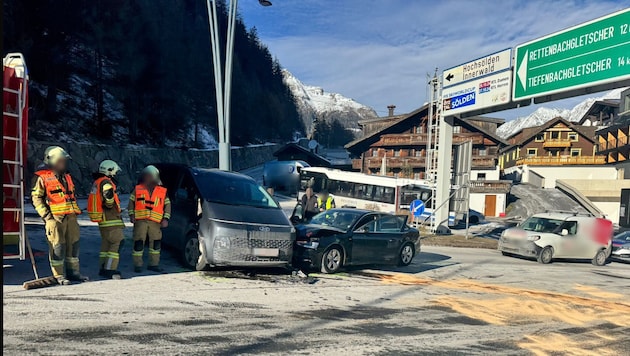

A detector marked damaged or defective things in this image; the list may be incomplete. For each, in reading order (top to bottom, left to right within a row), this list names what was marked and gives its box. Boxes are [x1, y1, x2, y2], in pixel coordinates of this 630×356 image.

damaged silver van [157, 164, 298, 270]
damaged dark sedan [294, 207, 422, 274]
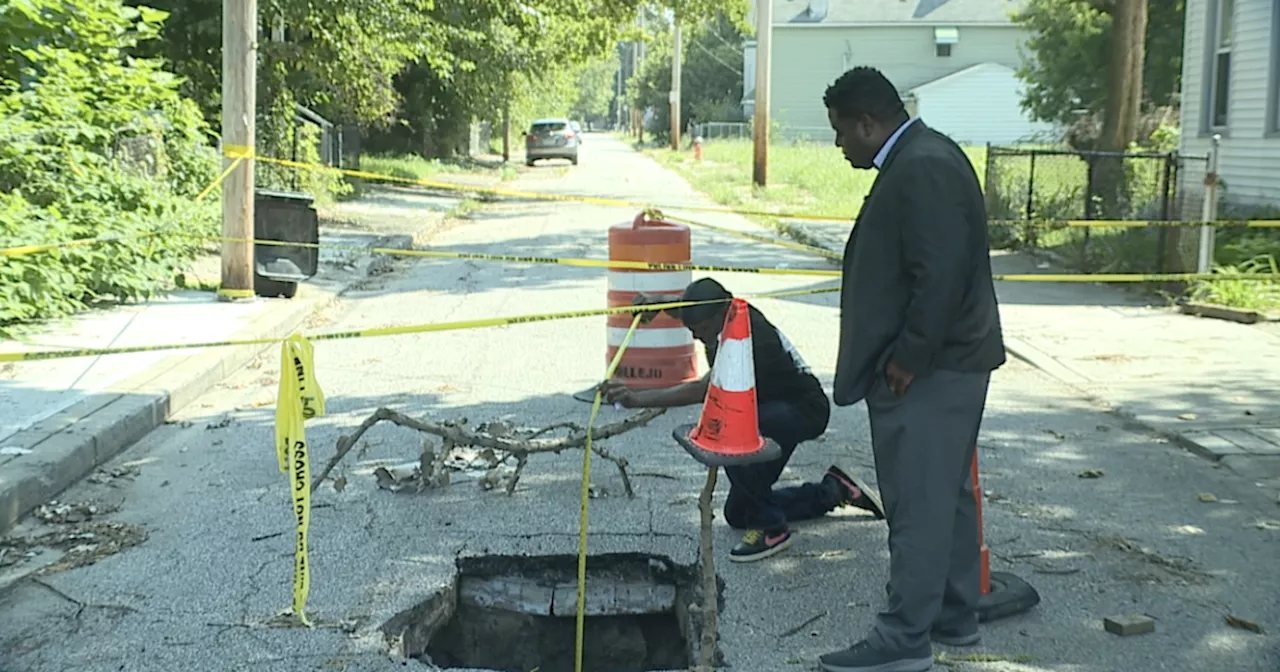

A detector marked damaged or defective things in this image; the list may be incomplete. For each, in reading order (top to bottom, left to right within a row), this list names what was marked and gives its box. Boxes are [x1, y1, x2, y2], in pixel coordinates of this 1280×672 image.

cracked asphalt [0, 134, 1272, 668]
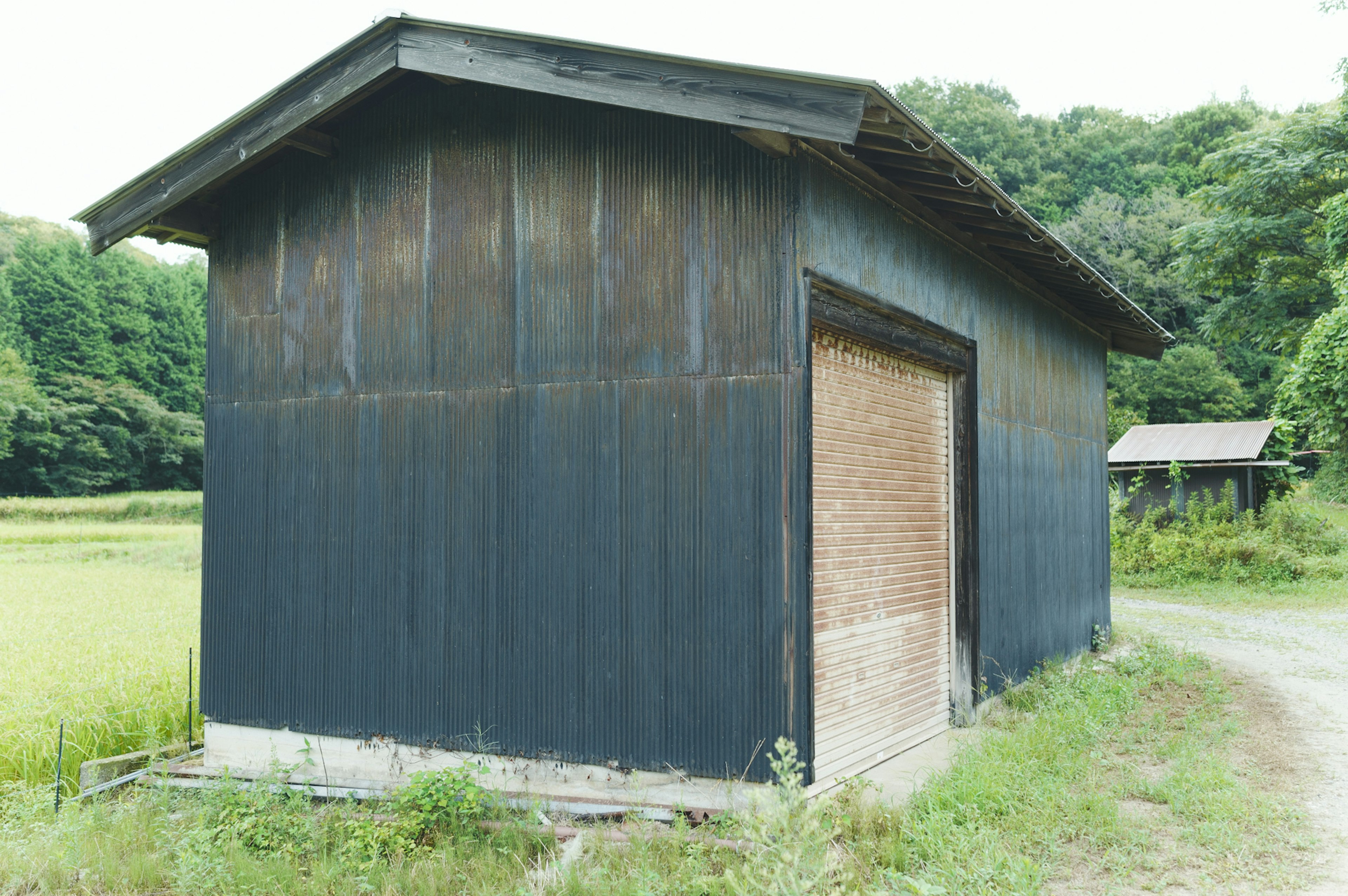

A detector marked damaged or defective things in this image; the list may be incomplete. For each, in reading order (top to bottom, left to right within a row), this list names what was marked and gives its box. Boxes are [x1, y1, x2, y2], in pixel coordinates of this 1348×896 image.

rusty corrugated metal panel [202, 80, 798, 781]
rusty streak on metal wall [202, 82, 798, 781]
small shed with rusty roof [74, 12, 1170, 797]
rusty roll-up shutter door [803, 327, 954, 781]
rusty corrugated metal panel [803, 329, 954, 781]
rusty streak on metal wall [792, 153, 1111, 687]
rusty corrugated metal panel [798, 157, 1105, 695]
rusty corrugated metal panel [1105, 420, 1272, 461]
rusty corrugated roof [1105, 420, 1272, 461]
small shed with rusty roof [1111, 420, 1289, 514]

**Exercise instructions**
Could you write out exactly the lines from the line containing "this 1280×672 image." to the end of the material, and nothing else? No pictures belong in the copy.

**Response box**
A detector marked damaged or defective things in this image; the list may be incomplete. For each, in reading order (top to bottom, left to right within a row), this list names what was marked and gives its box. Boxes are [x1, y1, x2, y2], in pixel coordinates of this 1280×672 image.

cracked asphalt [0, 134, 1272, 668]

A detector marked damaged or defective things in this image; the list may be incomplete. For each, in reading order (top to bottom, left to right within a row), this list names what was marked and gives its box. Boxes are [x1, y1, x2, y2], in pixel coordinates of this 1348×896 image.

rusty corrugated metal panel [202, 80, 798, 781]
rusty streak on metal wall [202, 82, 798, 781]
small shed with rusty roof [74, 12, 1170, 797]
rusty roll-up shutter door [803, 327, 954, 781]
rusty corrugated metal panel [803, 329, 954, 781]
rusty streak on metal wall [792, 153, 1111, 687]
rusty corrugated metal panel [798, 157, 1105, 695]
rusty corrugated metal panel [1105, 420, 1272, 461]
rusty corrugated roof [1105, 420, 1272, 461]
small shed with rusty roof [1111, 420, 1289, 514]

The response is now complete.